The horrific massacre in the south of the Philippines that targeted and killed 57 of the family members of mayoral candidate Esmael Magundadatu as well as 30 accompanying journalists, has unleashed tensions, heated debates and new political dynamics in the most restive corner of the country.
A region mostly known for its Islamic insurgency, highlighted in our blog in September, was, in one violent act, revealed as a hotbed of clan politics, powerful civilian militias and potentially devastating political alliances that have implicated the highest echelons of the Philippine political establishment, including President Arroyo herself.
While clan politics and the domination of the Ampatuan clan were known within the Philippines- even used by Arroyo in her quest for re-election and against the MILF (the Moro Islamic Liberation Front, the main Islamic insurgent group in the south)- the sheer brutality and complexity of the political landscape came as a surprise to the international community in the wake of this brutal attack. But although initial coverage of the massacre was intense and frequent, the aftermath has largely been ignored by the international media, more attuned to human tragedies than complex, hard-to-explain political games fought in a remote part of a distant tropical land.
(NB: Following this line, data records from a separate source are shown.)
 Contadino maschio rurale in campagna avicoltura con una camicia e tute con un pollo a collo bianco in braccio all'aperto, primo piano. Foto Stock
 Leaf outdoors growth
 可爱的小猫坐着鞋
But it is important to delve deeper into this tragedy and into the conditions that facilitated such a sensless attack on not only the lives, but also the political and civil rights of the southern Filippino population. It is important not only because it says a lot about the stability and maturity of the 12th most populous country in the world, but because it highlights the fragility of the battle in the wider region against militants, clan-based or religious.
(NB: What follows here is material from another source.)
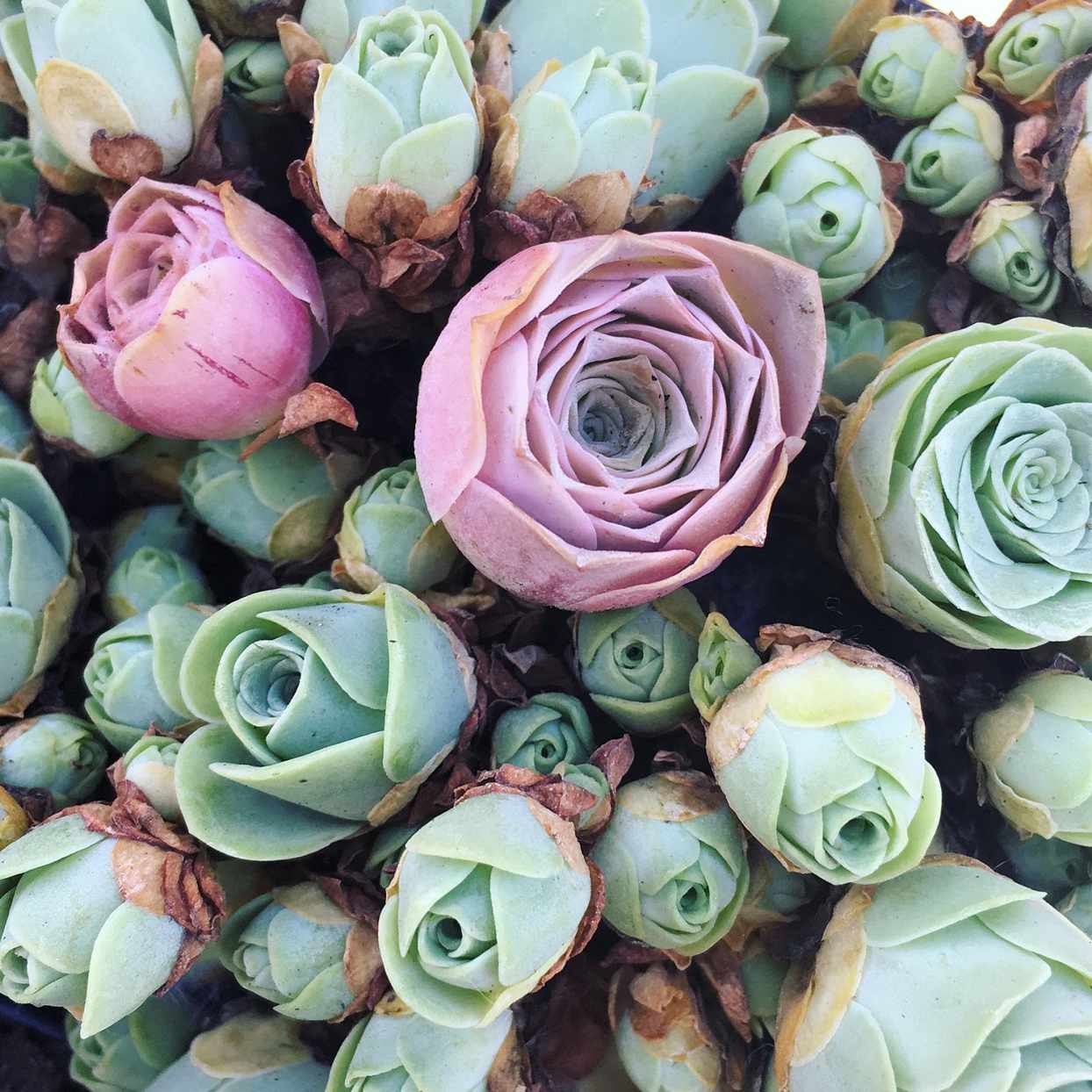 bed of pink and green rose succulents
As a Philippine Daily Inquirer editorial argues, several uncomfortable realities were unearthed as a result of the massacre, chief among them the ability of clans like the Ampatuans to take over and effectively rule an entire region and to create a 4000-strong private army in the process.
The fact that several of the most high profile political posts in the Mindanao region were held by core members of the Ampatuan family should have raised alarm bells in advance of this tragedy. The fact that military arms and equipment had either been lost or sold to the clan in order for them to arm an alternative army in the region under their control should have been cause for further alarm (and pre-emptive political action). But political expediency and unwillingness to crack down on deeply undemocratic clan domination of an important and impoverished region caused Arroyo and her allies to turn a blind eye to a disaster just waiting to happen.
While it is true that a culture of impunity or a history of political violence may not be the making of the Arroyo administration, a misguided approach to the south that bolstered criminal clans and private militias at the expense of real socio-economic and democratic development, created a monster that the government is now desperately trying to reign in.
By refusing to tackle the roots of the Islamic insurgency head on, Arroyo relied on a dangerous proxy while strengthening the most destructive forces in the political culture of the country. Martial law, high-profile prosecutions of the perpetrators or even moves to dismantle the Ampatuan power structures in Mindanao will not go far enough in fixing the damage done by the short-sighted political games of the Arroyo administration.
Economic development, democratization and real peace in the south will have to wait.